Le fabuleux destin de Ginette Moulin
Ginette Moulin a tout d’une discrète mais influente héroïne. Héritière d’un groupe où le capital se transmet de mère en fille, elle évolue paradoxalement dans un monde d’hommes forts. Son grand-père, Théophile Bader cofonde en 1894 avec son cousin alsacien, Alphonse Kahn, un magasin de nouveautés au 1 rue Lafayette.
Une vie marquée par l’Occupation
Alors que les Galeries sont placées sous l’administration de Vichy, la famille se réfugie à Lyon, où Ginette Moulin décrochera son baccalauréat en juin 1944. Cette sombre période marquera la jeune femme qui conservera de cette époque un mode de vie que l’on dit sobre et un goût pour la frugalité qui tranchent avec le faste du grand magasin Paris Haussmann et de sa coupole Art Nouveau.
À la Libération, les magasins seront présidés par son père, Max Heilbronn, puis par son mari Étienne Moulin, qui fut très proche de son beau-père, les deux hommes ayant partagé leur paillasse dans les camps nazis. C’est d’ailleurs à l’occasion de leurs déjeuners à Paris après la Libération que Ginette Moulin rencontra celui qui lui donnera trois filles.
Une femme sort de l’ombre
Comme le prévoyait la règle familiale, Étienne Moulin, qui développa Monoprix, prit les rênes de l’empire – en alternance avec l’autre branche familiale – de 1971 à 1987. Mais ce ne fût pas la seule règle alors respectée. Une autre "interdisait à un couple de travailler ensemble, pour préserver l'équilibre conjugal", expliquait en 2016 aux Échos, sa fille Isabelle Moulin. Pour autant, le soir à la maison, Ginette n’hésite pas à ouvrir la serviette de son époux pour suivre les affaires de près. C’est à la mort de ce dernier, en 2004, que l’héritière sort vraiment de l’ombre.

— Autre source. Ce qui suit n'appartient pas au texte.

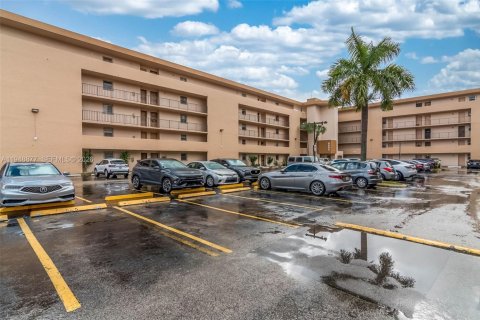 Copropriété à vendre à Miami, Floride: 2 chambres, 108.79 m2 № 2089187 - photo 21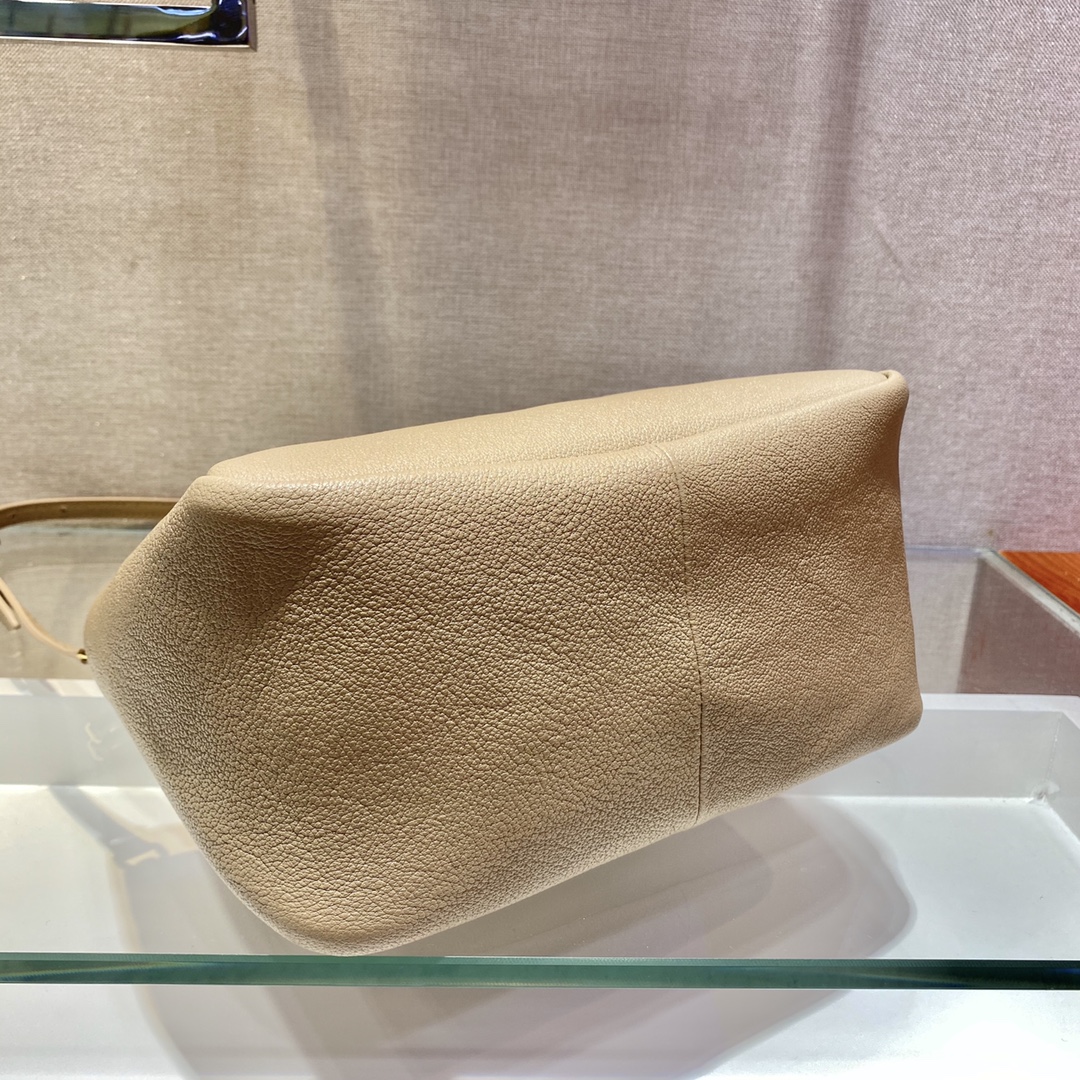 PRADA普拉达柔软鹿皮手提包1BC145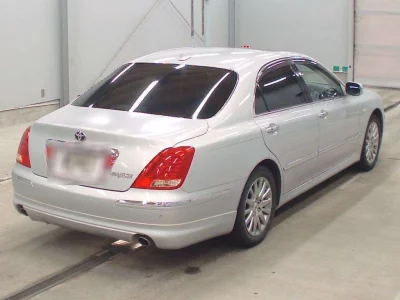 TOYOTA CROWN MAJESTA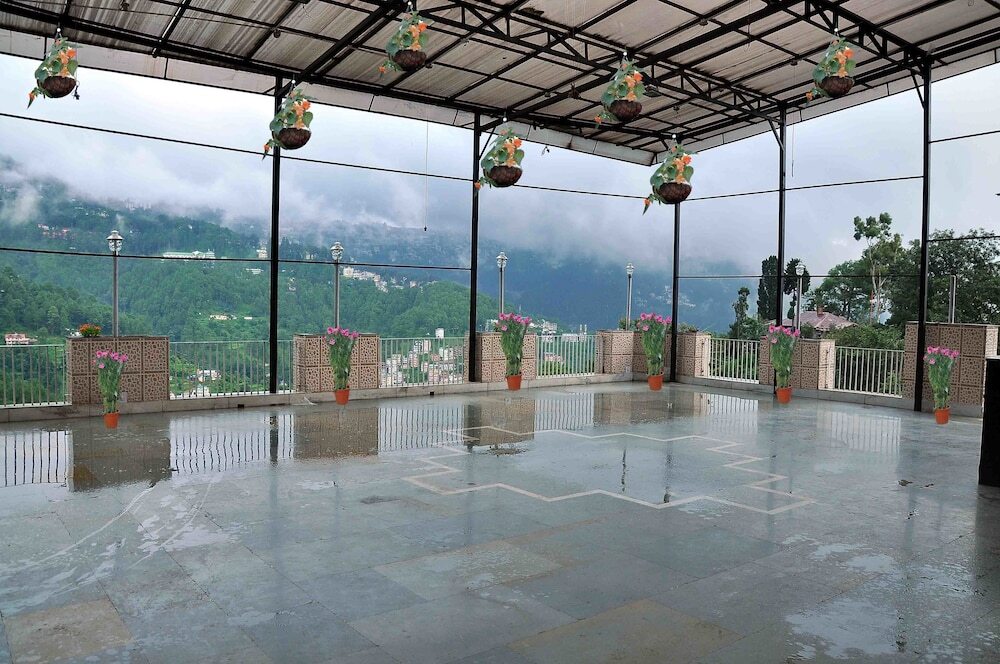 Шимла: Hotel Asia the Dawn Shimla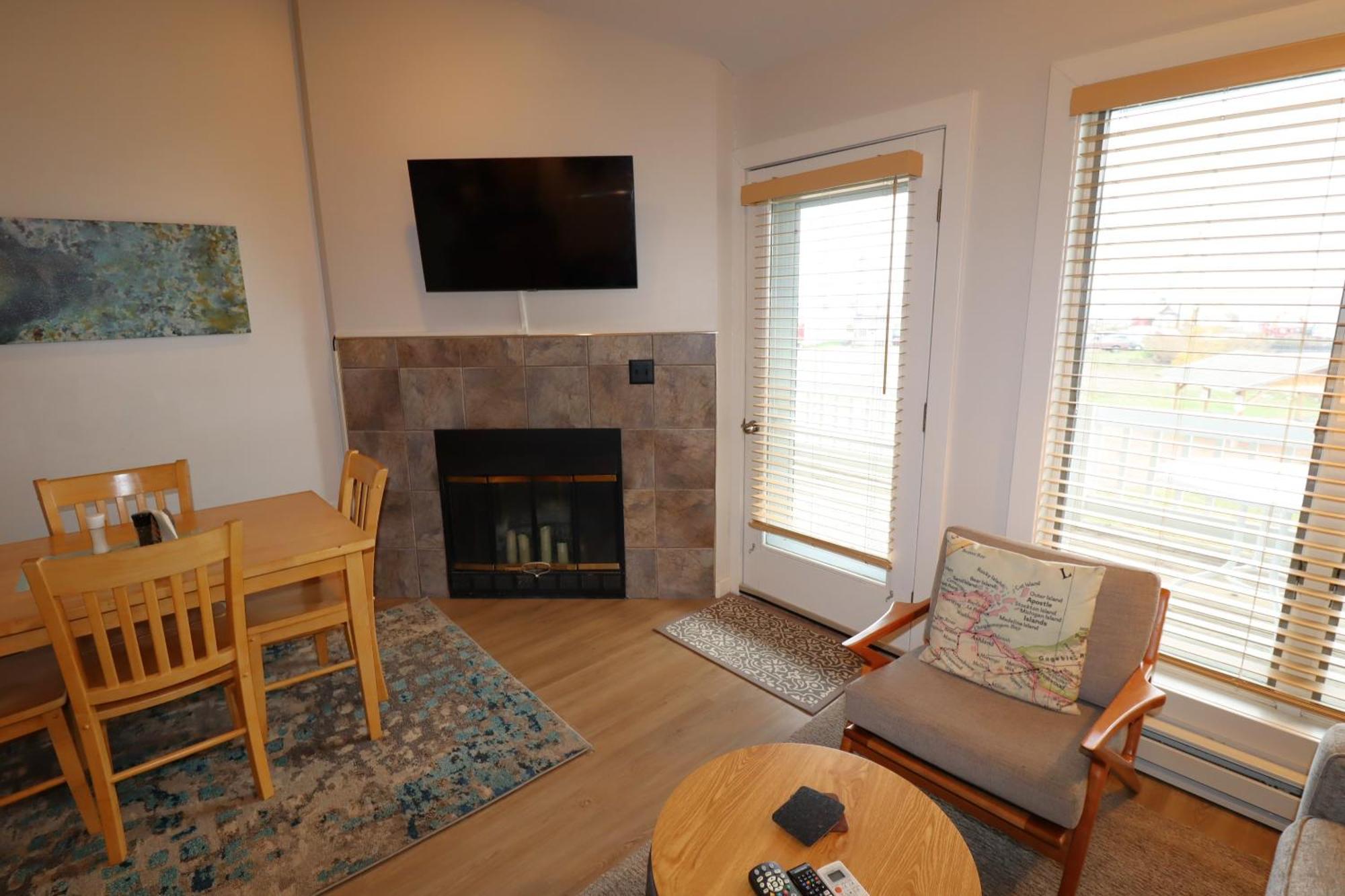 Beautiful Beach Front Condo With Lake Views Bayfield Eksteriør billede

Ginette Moulin négocie en 2005 le prêt nécessaire au rachat de la totalité du capital des Galeries.
Guerre de succession
Celle qui deviendra présidente du conseil de surveillance des Galeries Lafayette bataille dans la guerre qui oppose sa famille à celle des successeurs d’Alphonse Kahn. Victorieuse, elle obtient le retrait de sa parente Noëlle Meyer. Ginette Moulin négocie en 2005 le prêt nécessaire au rachat de l’autre branche familiale qui conduisit à la sortie de la Bourse du groupe. Négociation dont l’ancien patron de BNP Paribas doit se souvenir, lui qui fit face ce week-end de Pâques à une stratège connaissant très bien le marché. L’opération conduisit aussi à la nomination de Philippe Houzé, gendre de Ginette Moulin, à la présidence du directoire. Par la suite, les Galeries Lafayette acquerront Louis Pion et BazarChic, créeront une activité d’asset management pour valoriser le patrimoine immobilier ou encore ouvriront un magasin à Dubaï et à Istanbul.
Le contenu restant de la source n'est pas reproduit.